Trackers are Bittorrent’s way of letting downloaders find each other. They’re not involved in downloading the files, and they store no files themselves. In theory, anyone can run a tracker, but normally users rely on publicly available free tracker servers.

Many clients now support trackerless torrents, using DHT (distributed hash table) technology. In this scheme, each client effectively becomes its own tracker, so you don’t need one of these tracker server. The downside is that it only works while your PC is turned on.

Swarming
When a file’s made available via a torrent file and clients start sharing it, this is known as a swarm. The tracker provides all the members of the swarm with the IP addresses and TCP port numbers of a random selection of other members. Each client then tries to get the full collection of pieces from other clients, which is where the ingenuity of Bittorrent lies.

As soon as you’ve collected a few pieces of the file, the Bittorrent client makes these available to all the other members of the swarm, so you’re forced to simultaneously download and upload data to get the complete file.

This not only stops most of the usual problems of ‘greedy’ leechers, but also makes downloads faster the more clients there are in the swarm. With a healthy swarm, it’s quite easy to saturate all your available download bandwidth, even though each of the swarm members may only be uploading tiny amounts of data.

It’s like downloading from a super-fast web server, but without the need for high-end server hardware. This is why it’s such a popular way to distribute large files such as Linux distributions, but so unpopular with ISPs trying to maintain ‘fair’ contention of user bandwidth.

There are downsides to Bittorrent’s approach. Clients with a complete version of the file available to upload become seeds. The more seeds and leechers available for a particular torrent, the more efficient the downloading process. This tends to make torrents die out rapidly, with large swarms and fast downloads when a popular torrent first appears, but dying out to a trickle over time.

Looking ahead
We’ve already touched on one innovation – trackerless torrents – but there are several other possibilities waiting in the wings.

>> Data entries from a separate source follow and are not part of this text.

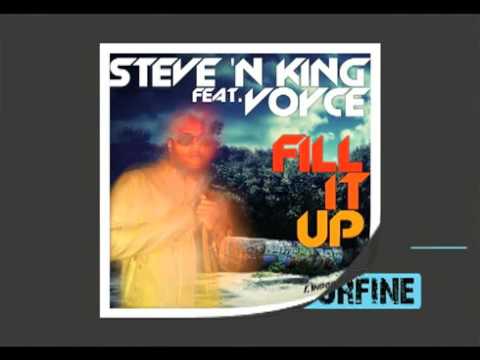 Steve`N King feat. Voyce Fill It Up (Radio Mix)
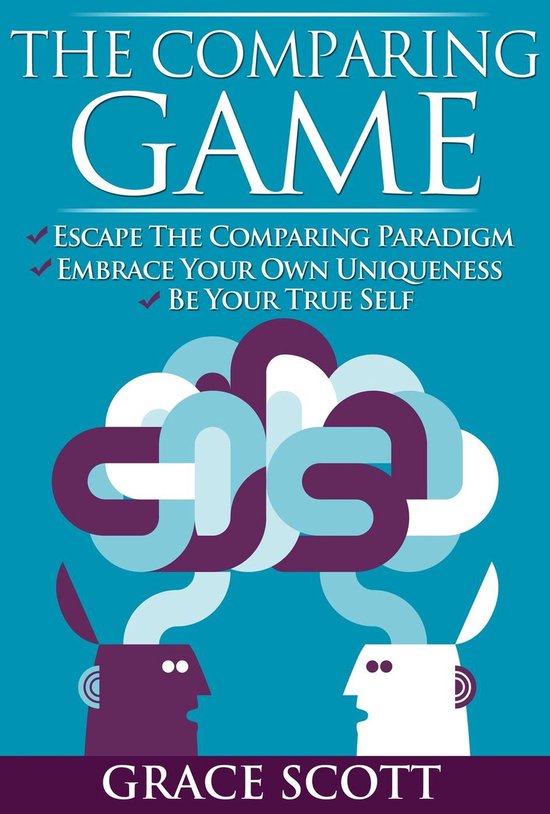 The Comparing Game: Escape the Comparing Paradigm, Embrace y ... - cover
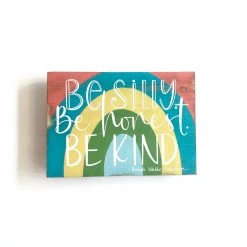 BE SILLY BE HONEST BE KIND - Once Upon A Dandelion Wood Art Sign Made In Ireland Text Art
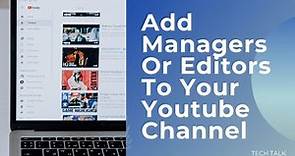 How To Add Multiple Users To Manage Your Youtube Channel 2021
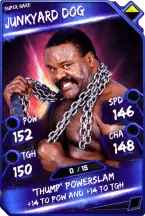 Super card  junkyard dog 4  super rare 5642 216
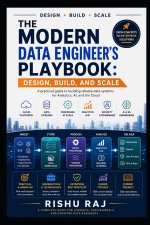 The Modern Data Engineer's Playbook
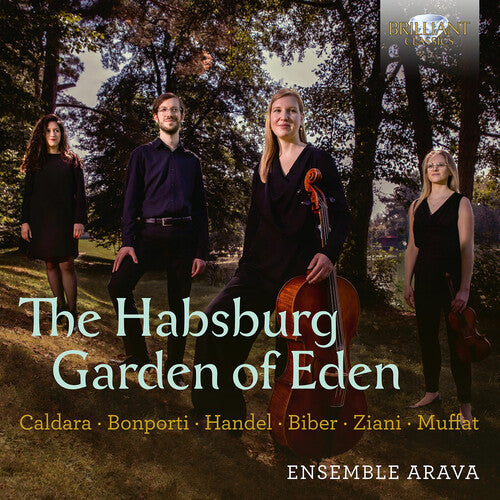 Caldara, Bonporti, Handel, Biber, Ziani & Muffat: The Habsbu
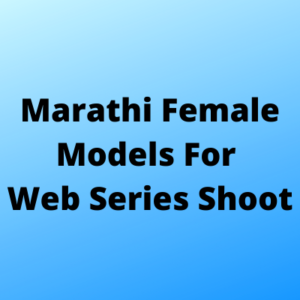 Marathi models for web series shoot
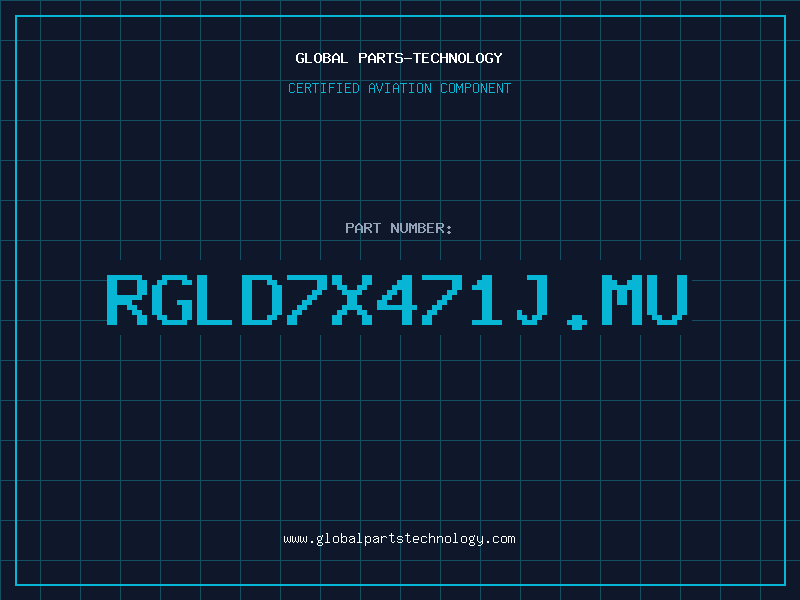 Aviation Part RGLD7X471J.MU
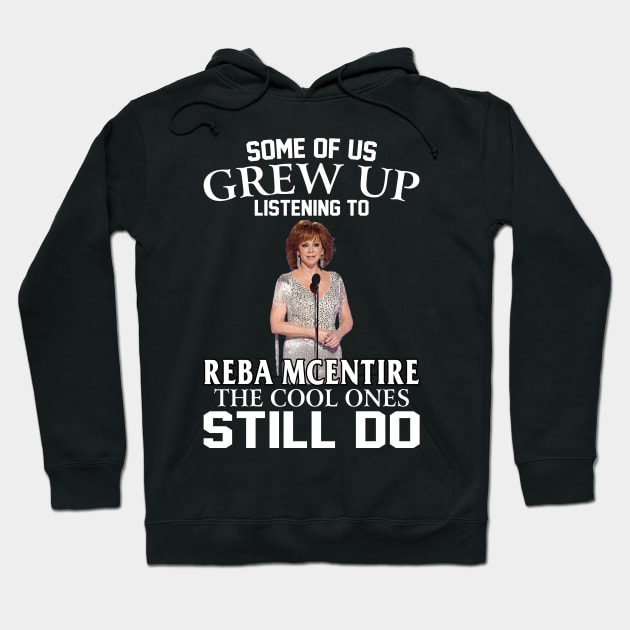 Some Of Us Grew Up Listening To Reba Mcentire The Cool Ones Still Do Hoodie by Vapool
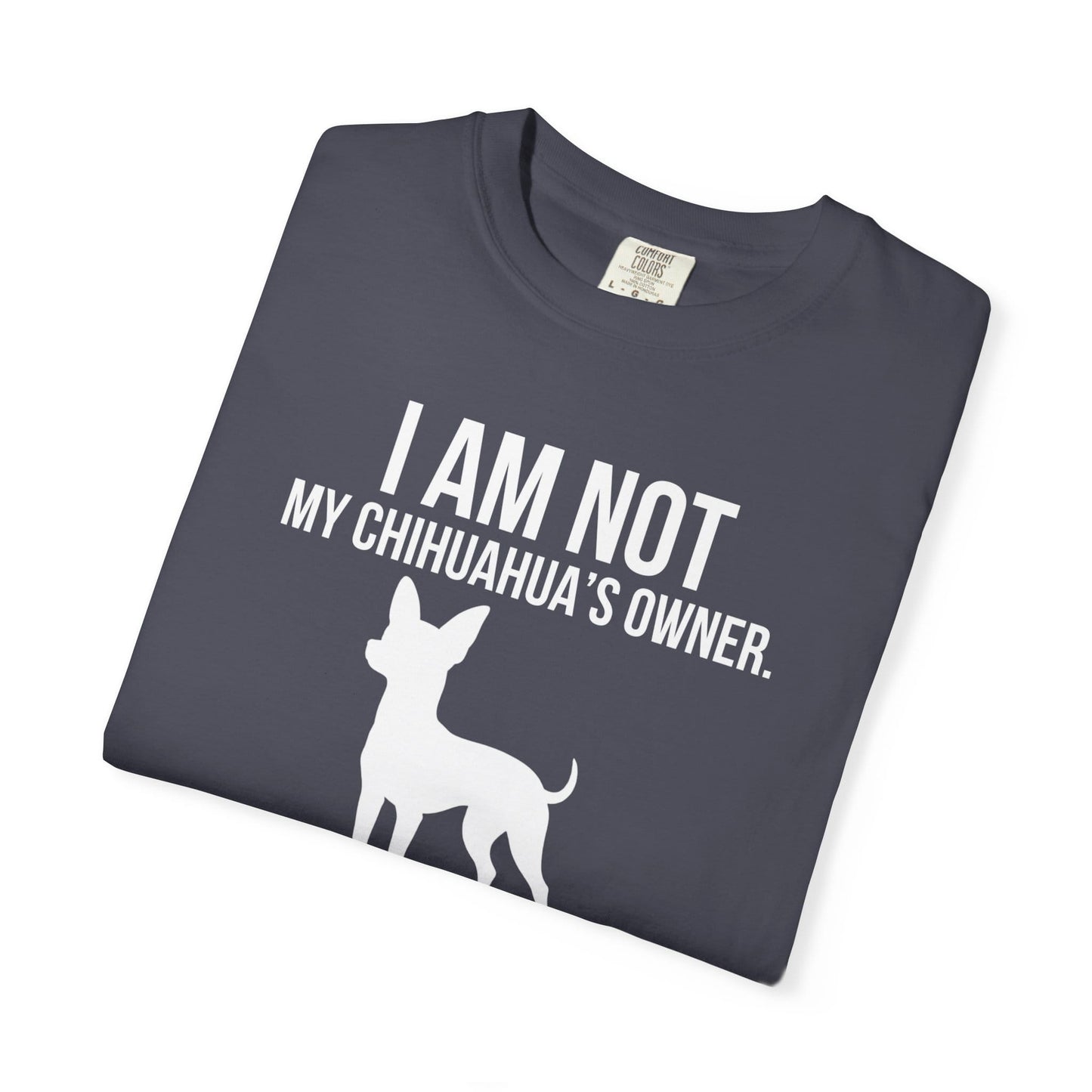 I Am Not My Chihuahua's Owner, I Am Her Chosen Human T-Shirt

One is the idea of Bittorrent media streaming. Streaming is notoriously demanding on server resources for decent quality content, particularly video, so the idea is to try and leverage the power of the swarm to do the task cheaply.

Some companies are now starting to roll out streaming solutions based on Bittorrent or other P2P protocols.

Another technique called Similarity Enhanced Transfer (SET) claims to be able to speed up downloads by exploiting the fact that identical files are often labelled differently, and tries to spot identical data in different files. Again, there’s no implementation of this yet.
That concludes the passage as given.